(Items listed in a dataset)

=== Begin Enclosure ===

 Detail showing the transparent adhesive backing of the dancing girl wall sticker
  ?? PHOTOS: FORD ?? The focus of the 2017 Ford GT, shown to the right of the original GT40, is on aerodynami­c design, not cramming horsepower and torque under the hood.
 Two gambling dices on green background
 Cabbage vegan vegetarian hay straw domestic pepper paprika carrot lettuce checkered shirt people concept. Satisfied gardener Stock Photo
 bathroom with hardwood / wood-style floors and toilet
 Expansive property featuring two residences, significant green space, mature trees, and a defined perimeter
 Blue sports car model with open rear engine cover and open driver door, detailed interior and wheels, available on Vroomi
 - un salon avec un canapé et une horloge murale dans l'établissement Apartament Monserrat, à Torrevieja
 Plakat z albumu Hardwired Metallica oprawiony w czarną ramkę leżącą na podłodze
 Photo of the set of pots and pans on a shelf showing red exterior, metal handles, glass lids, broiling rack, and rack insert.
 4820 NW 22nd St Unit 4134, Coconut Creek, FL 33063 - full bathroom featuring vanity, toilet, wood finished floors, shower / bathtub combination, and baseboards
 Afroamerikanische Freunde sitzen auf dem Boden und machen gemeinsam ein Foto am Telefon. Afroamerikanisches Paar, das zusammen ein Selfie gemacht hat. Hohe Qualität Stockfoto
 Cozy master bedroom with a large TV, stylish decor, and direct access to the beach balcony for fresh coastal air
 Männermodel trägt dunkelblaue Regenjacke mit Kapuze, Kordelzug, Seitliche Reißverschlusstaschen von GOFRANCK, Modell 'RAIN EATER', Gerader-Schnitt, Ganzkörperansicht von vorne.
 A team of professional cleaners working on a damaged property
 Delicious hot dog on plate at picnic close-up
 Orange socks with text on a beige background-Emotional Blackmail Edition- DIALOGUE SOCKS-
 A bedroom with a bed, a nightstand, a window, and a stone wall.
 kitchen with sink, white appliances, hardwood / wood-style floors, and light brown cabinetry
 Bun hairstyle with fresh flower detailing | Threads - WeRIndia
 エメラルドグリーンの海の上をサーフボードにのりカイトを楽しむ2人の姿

=== End Enclosure ===

How to complete this task
Reproduce all the records, exactly and in full.

Response to this task
 Detail showing the transparent adhesive backing of the dancing girl wall sticker
  ?? PHOTOS: FORD ?? The focus of the 2017 Ford GT, shown to the right of the original GT40, is on aerodynami­c design, not cramming horsepower and torque under the hood.
 Two gambling dices on green background
 Cabbage vegan vegetarian hay straw domestic pepper paprika carrot lettuce checkered shirt people concept. Satisfied gardener Stock Photo
 bathroom with hardwood / wood-style floors and toilet
 Expansive property featuring two residences, significant green space, mature trees, and a defined perimeter
 Blue sports car model with open rear engine cover and open driver door, detailed interior and wheels, available on Vroomi
 - un salon avec un canapé et une horloge murale dans l'établissement Apartament Monserrat, à Torrevieja
 Plakat z albumu Hardwired Metallica oprawiony w czarną ramkę leżącą na podłodze
 Photo of the set of pots and pans on a shelf showing red exterior, metal handles, glass lids, broiling rack, and rack insert.
 4820 NW 22nd St Unit 4134, Coconut Creek, FL 33063 - full bathroom featuring vanity, toilet, wood finished floors, shower / bathtub combination, and baseboards
 Afroamerikanische Freunde sitzen auf dem Boden und machen gemeinsam ein Foto am Telefon. Afroamerikanisches Paar, das zusammen ein Selfie gemacht hat. Hohe Qualität Stockfoto
 Cozy master bedroom with a large TV, stylish decor, and direct access to the beach balcony for fresh coastal air
 Männermodel trägt dunkelblaue Regenjacke mit Kapuze, Kordelzug, Seitliche Reißverschlusstaschen von GOFRANCK, Modell 'RAIN EATER', Gerader-Schnitt, Ganzkörperansicht von vorne.
 A team of professional cleaners working on a damaged property
 Delicious hot dog on plate at picnic close-up
 Orange socks with text on a beige background-Emotional Blackmail Edition- DIALOGUE SOCKS-
 A bedroom with a bed, a nightstand, a window, and a stone wall.
 kitchen with sink, white appliances, hardwood / wood-style floors, and light brown cabinetry
 Bun hairstyle with fresh flower detailing | Threads - WeRIndia
 エメラルドグリーンの海の上をサーフボードにのりカイトを楽しむ2人の姿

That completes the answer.